- Task statement: I need the lines below from the one with "8 Hours Relaxing" down to the one with "Red Squirrel high up on a post" reproduced exactly, both ends included, and nothing else.

- Provided information:
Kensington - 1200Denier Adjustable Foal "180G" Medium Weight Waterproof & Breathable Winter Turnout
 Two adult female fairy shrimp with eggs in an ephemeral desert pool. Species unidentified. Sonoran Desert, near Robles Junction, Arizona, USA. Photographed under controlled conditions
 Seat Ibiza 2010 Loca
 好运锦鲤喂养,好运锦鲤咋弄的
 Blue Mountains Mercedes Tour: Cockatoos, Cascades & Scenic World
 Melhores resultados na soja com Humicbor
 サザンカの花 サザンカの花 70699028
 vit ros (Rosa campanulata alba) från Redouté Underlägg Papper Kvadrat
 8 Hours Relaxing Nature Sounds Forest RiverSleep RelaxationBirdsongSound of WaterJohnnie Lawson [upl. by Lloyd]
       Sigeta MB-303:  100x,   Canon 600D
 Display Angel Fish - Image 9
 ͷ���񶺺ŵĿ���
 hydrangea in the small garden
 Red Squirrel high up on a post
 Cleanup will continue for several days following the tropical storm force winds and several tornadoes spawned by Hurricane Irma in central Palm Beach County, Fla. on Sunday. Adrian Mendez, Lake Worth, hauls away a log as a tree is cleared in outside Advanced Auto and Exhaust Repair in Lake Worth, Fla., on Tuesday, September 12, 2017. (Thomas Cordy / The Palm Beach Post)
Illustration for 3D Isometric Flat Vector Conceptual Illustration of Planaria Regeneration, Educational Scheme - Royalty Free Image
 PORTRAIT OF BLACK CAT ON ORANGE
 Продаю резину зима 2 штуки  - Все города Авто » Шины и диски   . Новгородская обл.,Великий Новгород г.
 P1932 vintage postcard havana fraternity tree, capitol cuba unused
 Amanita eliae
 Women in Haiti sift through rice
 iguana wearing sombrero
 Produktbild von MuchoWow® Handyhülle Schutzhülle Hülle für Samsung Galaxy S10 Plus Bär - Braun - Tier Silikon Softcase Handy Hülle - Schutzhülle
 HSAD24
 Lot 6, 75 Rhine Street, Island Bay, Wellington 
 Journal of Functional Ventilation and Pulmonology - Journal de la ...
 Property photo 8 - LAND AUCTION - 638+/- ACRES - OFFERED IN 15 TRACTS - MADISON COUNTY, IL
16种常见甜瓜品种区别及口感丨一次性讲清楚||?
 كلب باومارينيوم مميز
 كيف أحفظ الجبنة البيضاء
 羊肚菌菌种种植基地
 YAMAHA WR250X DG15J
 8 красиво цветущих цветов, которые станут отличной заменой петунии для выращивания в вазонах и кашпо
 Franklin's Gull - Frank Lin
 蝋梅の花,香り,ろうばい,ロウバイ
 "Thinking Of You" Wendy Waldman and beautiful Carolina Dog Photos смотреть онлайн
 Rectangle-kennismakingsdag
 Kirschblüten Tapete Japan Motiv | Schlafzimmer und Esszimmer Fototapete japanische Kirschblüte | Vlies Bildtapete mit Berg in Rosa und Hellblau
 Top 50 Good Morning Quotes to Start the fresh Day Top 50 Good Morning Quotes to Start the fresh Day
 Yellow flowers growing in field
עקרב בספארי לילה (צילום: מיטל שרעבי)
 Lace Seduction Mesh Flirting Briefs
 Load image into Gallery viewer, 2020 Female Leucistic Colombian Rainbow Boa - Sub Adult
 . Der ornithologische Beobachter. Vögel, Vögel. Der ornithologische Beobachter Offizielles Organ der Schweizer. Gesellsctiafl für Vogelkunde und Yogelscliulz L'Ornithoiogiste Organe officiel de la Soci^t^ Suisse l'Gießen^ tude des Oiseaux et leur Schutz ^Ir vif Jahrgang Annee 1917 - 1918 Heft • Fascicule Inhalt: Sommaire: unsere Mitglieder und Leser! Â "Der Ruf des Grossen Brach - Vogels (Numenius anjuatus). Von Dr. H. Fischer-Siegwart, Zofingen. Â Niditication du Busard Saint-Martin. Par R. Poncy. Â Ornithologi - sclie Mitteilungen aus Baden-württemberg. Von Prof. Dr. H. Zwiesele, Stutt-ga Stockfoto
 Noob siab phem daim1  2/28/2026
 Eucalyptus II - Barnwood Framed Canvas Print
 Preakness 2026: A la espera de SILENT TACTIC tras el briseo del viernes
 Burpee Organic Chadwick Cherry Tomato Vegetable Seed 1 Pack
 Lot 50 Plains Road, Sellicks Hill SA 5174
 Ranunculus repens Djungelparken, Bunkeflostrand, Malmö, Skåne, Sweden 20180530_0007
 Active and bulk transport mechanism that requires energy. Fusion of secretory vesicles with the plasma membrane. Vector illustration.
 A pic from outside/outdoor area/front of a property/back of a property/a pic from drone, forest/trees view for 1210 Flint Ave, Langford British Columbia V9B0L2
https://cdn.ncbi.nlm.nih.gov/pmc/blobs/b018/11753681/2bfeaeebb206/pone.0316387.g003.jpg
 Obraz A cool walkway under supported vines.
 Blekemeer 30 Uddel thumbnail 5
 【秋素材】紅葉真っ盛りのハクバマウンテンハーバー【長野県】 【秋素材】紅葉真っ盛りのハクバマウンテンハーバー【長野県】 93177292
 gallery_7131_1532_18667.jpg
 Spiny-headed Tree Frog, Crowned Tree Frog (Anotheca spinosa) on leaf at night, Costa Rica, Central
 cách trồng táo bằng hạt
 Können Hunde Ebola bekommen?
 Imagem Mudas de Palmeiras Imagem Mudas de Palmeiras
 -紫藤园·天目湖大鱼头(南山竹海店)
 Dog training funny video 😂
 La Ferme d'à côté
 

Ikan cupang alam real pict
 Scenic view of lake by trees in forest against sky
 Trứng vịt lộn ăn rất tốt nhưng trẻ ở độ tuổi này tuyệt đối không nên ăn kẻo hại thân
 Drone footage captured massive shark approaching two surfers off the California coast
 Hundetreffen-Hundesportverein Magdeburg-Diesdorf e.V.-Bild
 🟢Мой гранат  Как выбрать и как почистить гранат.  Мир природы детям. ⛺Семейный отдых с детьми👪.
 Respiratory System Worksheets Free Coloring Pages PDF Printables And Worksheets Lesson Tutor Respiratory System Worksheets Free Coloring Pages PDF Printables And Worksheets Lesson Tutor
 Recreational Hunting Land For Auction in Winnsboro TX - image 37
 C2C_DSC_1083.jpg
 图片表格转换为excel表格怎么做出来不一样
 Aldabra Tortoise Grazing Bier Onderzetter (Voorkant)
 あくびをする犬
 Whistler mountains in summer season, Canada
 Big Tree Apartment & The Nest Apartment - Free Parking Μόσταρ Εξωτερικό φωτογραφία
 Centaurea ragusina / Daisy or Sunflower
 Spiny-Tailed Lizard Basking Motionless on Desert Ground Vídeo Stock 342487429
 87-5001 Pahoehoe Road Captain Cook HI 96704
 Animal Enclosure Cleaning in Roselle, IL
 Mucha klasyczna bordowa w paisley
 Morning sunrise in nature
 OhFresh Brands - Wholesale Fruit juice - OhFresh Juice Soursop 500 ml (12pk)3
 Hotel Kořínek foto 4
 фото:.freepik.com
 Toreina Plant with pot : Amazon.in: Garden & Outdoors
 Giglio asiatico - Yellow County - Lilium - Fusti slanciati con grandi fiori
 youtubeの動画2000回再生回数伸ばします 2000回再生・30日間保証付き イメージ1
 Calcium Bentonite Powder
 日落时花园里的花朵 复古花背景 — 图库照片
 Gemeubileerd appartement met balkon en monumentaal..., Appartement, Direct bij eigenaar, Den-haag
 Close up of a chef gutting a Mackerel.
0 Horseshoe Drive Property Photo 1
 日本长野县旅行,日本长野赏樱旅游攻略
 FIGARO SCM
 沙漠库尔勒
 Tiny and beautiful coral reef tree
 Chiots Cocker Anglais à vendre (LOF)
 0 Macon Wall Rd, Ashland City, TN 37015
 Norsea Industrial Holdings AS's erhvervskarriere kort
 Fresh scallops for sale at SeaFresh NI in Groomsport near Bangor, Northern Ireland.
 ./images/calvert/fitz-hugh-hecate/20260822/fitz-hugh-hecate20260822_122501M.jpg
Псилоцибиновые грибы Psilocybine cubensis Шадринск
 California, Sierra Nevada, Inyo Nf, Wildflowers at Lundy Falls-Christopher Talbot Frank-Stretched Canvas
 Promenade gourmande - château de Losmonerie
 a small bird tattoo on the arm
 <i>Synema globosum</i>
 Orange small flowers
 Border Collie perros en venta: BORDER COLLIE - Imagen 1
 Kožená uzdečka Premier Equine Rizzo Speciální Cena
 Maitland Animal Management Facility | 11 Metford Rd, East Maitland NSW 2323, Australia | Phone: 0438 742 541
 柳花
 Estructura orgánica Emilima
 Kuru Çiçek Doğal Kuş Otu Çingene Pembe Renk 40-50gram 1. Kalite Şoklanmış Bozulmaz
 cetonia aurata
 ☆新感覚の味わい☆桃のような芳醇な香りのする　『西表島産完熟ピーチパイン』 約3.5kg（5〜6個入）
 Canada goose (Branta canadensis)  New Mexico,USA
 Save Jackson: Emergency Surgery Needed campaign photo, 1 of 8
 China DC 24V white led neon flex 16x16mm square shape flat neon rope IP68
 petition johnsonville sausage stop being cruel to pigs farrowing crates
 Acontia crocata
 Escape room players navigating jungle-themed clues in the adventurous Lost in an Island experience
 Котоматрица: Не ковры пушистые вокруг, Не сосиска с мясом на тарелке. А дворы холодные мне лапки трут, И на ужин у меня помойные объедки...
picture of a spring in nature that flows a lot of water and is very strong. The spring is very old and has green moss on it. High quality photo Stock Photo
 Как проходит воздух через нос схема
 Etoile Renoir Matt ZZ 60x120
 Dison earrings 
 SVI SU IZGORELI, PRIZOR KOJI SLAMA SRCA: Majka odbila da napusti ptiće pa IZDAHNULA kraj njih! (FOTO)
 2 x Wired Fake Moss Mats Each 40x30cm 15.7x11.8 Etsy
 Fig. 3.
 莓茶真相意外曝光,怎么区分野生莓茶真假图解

- Written reply:
 8 Hours Relaxing Nature Sounds Forest RiverSleep RelaxationBirdsongSound of WaterJohnnie Lawson [upl. by Lloyd]
       Sigeta MB-303:  100x,   Canon 600D
 Display Angel Fish - Image 9
 ͷ���񶺺ŵĿ���
 hydrangea in the small garden
 Red Squirrel high up on a post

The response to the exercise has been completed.